Turns out being a relative or associate of an Urban Outfitters executive or board director is pretty lucrative.

Posted on June 4, 2013, at 10:34 a.m. ET

John Gara

The fact that the first female ever to be named to the board of Urban Outfitters was chief executive Richard Hayne's wife should not be shocking at all. The free-spirited hipster clothing company has been quietly run like a family commune for years.

According to regulatory filings, Urban Outfitters, which is publicly traded and therefore technically owned by shareholders, actually has an unusually high number of people working with it that have blood or business ties to Hayne or company co-founder Scott Belair.

As the president of sister store Free People, Hayne's wife Margaret made $451,038 last year. She has been working at the company since the 1980s and was elected to Urban Outfitters' now seven-member board at an annual shareholder meeting last week.

Their son, David Hayne, is also on the payroll as the chief operating officer at Free People, making a little less than mom at $414,912.

A branch down on the family tree sits Scott Addis, Richard Hayne's brother-in-law, who serves as president of the Addis Group, the company's commercial insurance broker and risk management consultant. While Urban Outfitters doesn't pay Addis directly, regulatory filings show he "has received commissions from other parties to such transactions."

Co-founder and board member Belair's brother-in-law, Wade McDevitt brokers "substantially all" of Urban Outiftters' new real estate transactions through his namesake McDevitt Co. That means that pretty much every time Urban Outfitters or its sister brands open a new store, McDevitt gets a commission. Moreover, McDevitt's wife, Wendy, is the president of the company's nascent gardening brand, Terrain, and used to lead Anthropologie.

Sitting outside the founders' bloodlines, but on the board of directors, is Harry Cherken Jr., a partner at law firm Drinker Biddle & Reath LLP, which collected just under $2 million in legal fees from Urban Outfitters over the past year.

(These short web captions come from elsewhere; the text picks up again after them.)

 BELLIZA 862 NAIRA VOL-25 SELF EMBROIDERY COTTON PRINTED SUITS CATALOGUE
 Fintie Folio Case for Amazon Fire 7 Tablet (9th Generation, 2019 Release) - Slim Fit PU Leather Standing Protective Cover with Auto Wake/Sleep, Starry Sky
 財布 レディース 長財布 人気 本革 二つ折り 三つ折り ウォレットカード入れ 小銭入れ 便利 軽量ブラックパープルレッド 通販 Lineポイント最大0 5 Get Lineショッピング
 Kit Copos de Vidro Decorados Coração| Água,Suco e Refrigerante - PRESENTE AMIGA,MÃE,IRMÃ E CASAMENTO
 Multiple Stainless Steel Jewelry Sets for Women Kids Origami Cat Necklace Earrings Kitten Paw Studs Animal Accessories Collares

Urban Outfitters' head of investor relations didn't return a voicemail and email seeking comment. According to the company's annual filing, however, the board must approve business transactions between Urban Outfitters and associated family members.

A group of investors has been pushing Urban Outfitters to nominate at least one female or minority director and to "publicly commit itself to a policy of board inclusiveness," citing research that shows companies with diverse boards tend to outperform those with none, as Gretchen Morgenson of The New York Times pointed out in a May 25 column.

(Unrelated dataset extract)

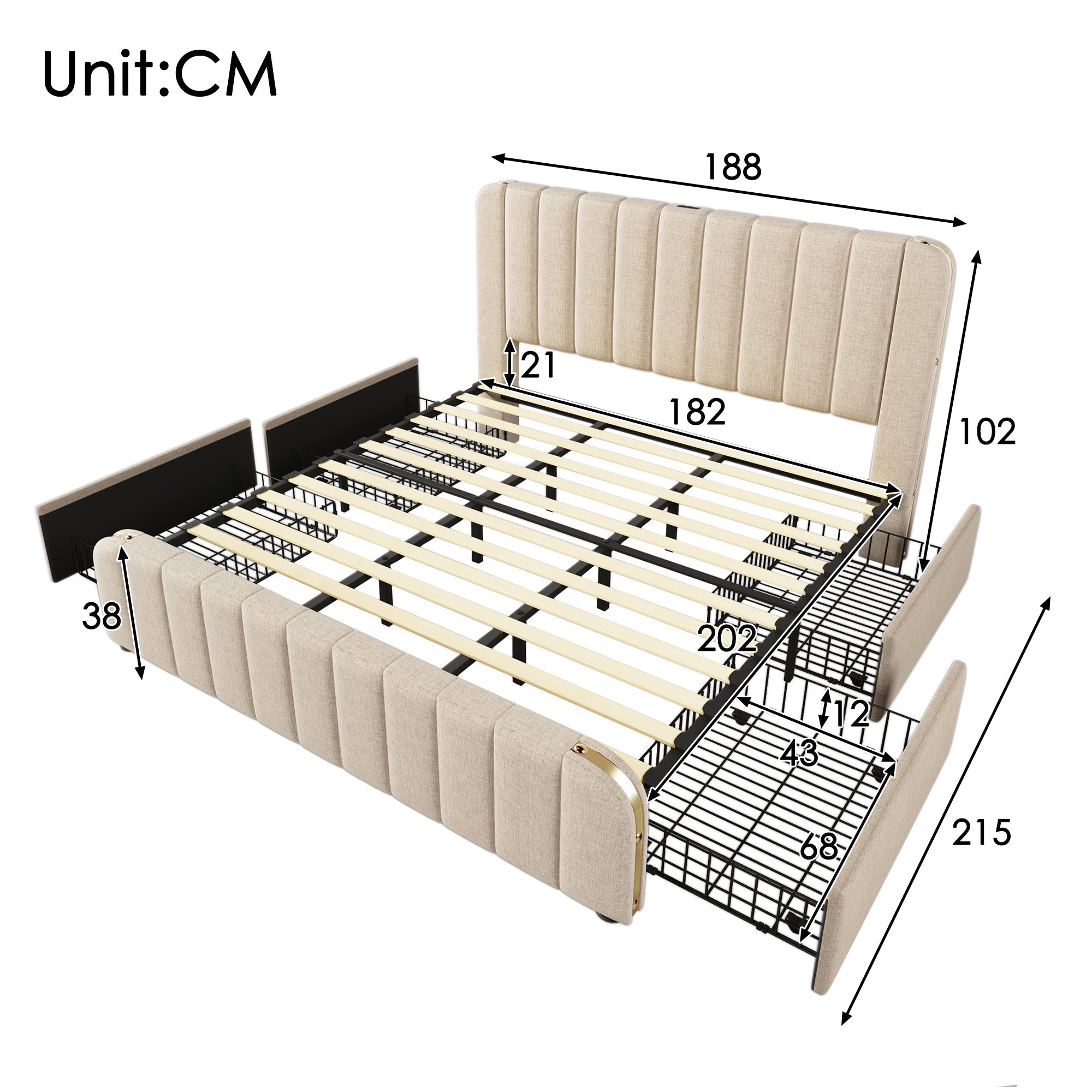 Upholstered Bed 180x200cm, Padded Headboard USB Type-C, 4 Drawers, Beige Linen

"There's a problem with independence at this company on the board of directors," said Christine De Groot, an associate sustainability analyst with Calvert Investments, one of the shareholders backing the proposal. "We do not believe that Margaret Hayne is really the best choice for Urban Outfitters here. She's not an independent director and while she does satisfy the criteria for gender diversity on the board, she does not bring in the outside ways of thinking and new perspectives that are a critical aspect of board diversity."

The proposal was voted down last week.

Outside of the boardroom, Freeman Zausner, the company's chief operating officer, is also married to an employee named Sun Min Lee, who earned $190,063 last year. It's unclear what she does at Urban Outfitters.

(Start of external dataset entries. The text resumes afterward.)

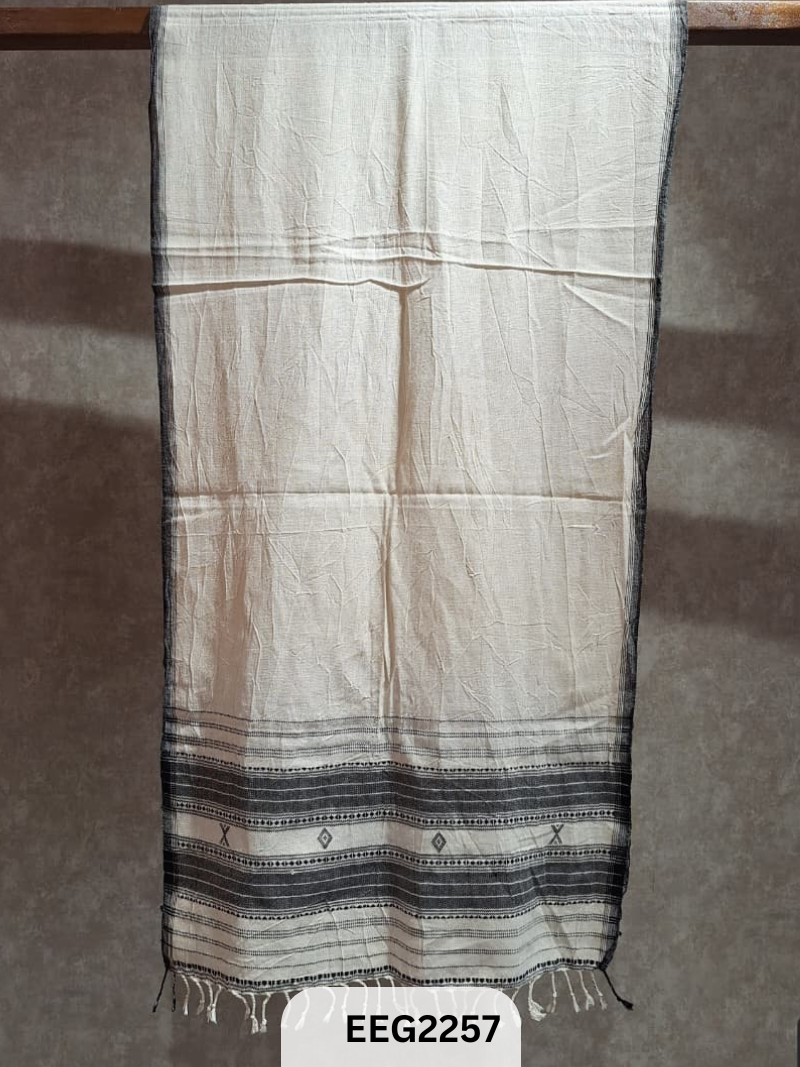HANDWEAVED KALA COTTON STOLE WITH TESSLES-2.2MTR*20INCH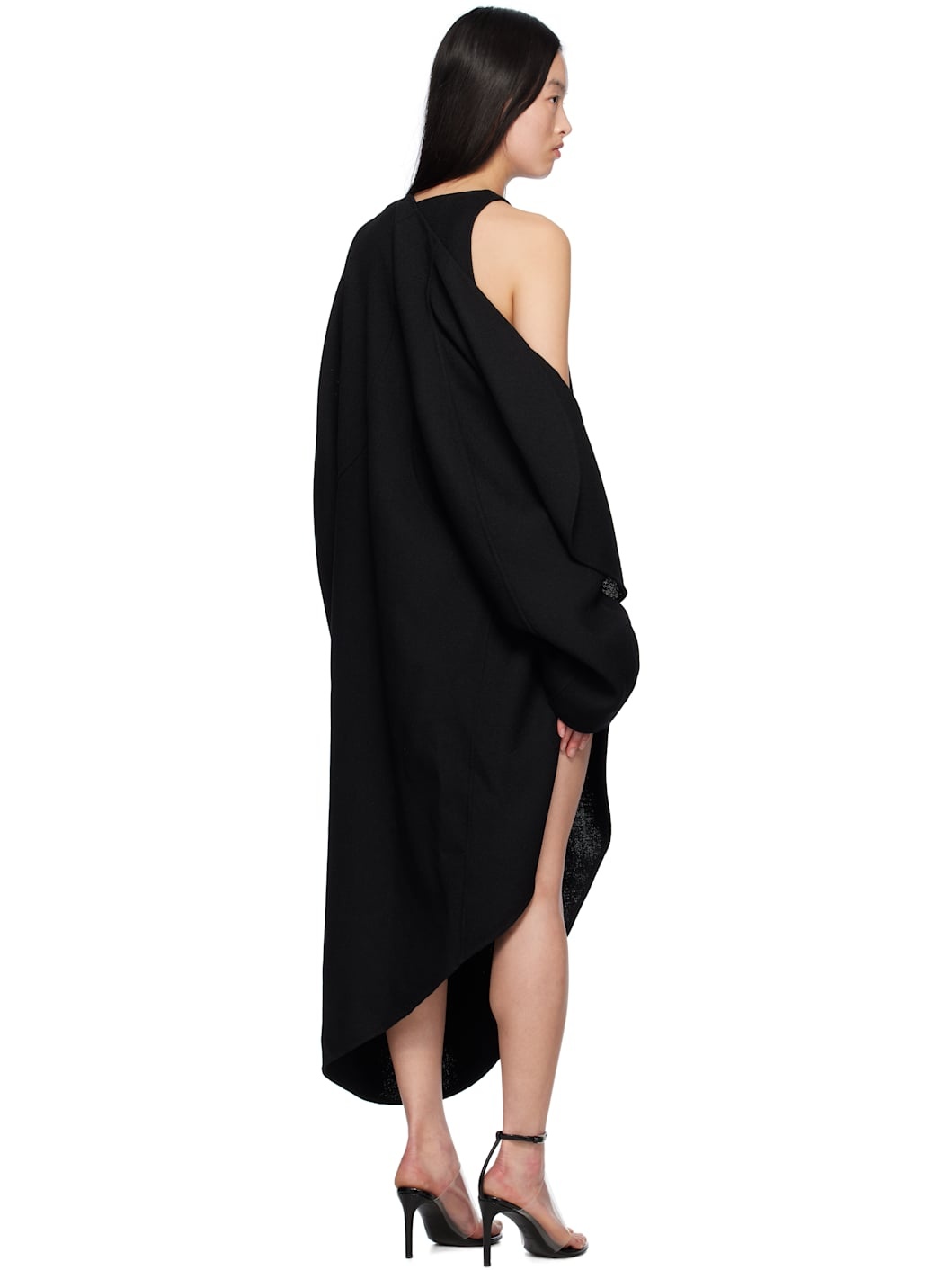 Black Wool Gazar Wrap Coat - 3
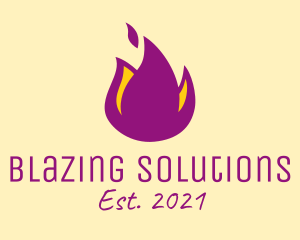 Purple Flame Resto logo design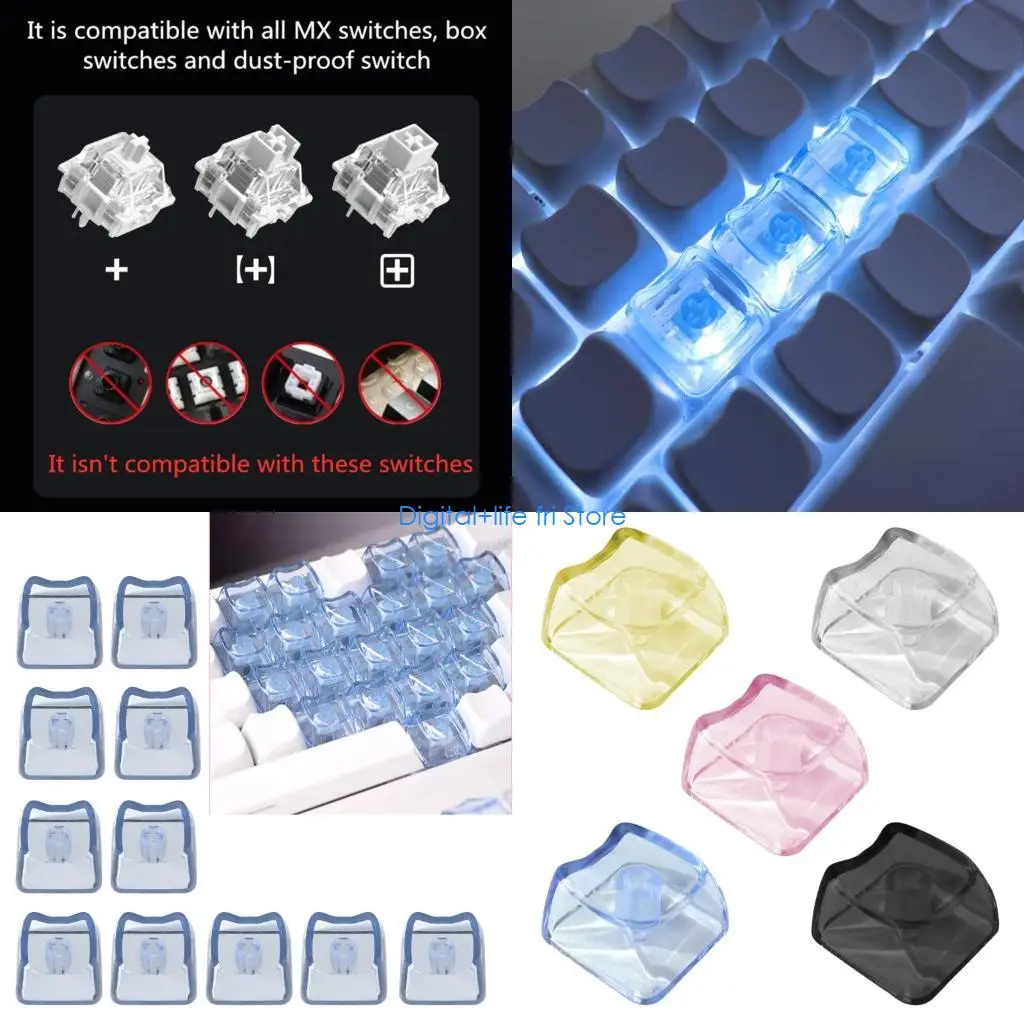 E06D 10 High Clear Keycaps For Mechanical Keyboards With Smooth Surfaces And General 1U Fit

While the board setup and business relationships at Urban Outfitters might rankle some shareholders, the retailer has been on a roll. Its stock is up 57% in the past year and it just posted record first-quarter sales of $648 million.

Urban Outfitters on Business Transactions with Family Members

Under the Code of Conduct and Ethics, a conflict of interest can arise whenever a person's private interests interfere in any way with the interests of the Company, including when a director, officer or employee takes actions or has interests that make it difficult for such person to perform his or her work objectively and effectively, or when a member of such person's family receives improper personal benefits. Each of the relationships described above has been reviewed and approved by the Board of Directors.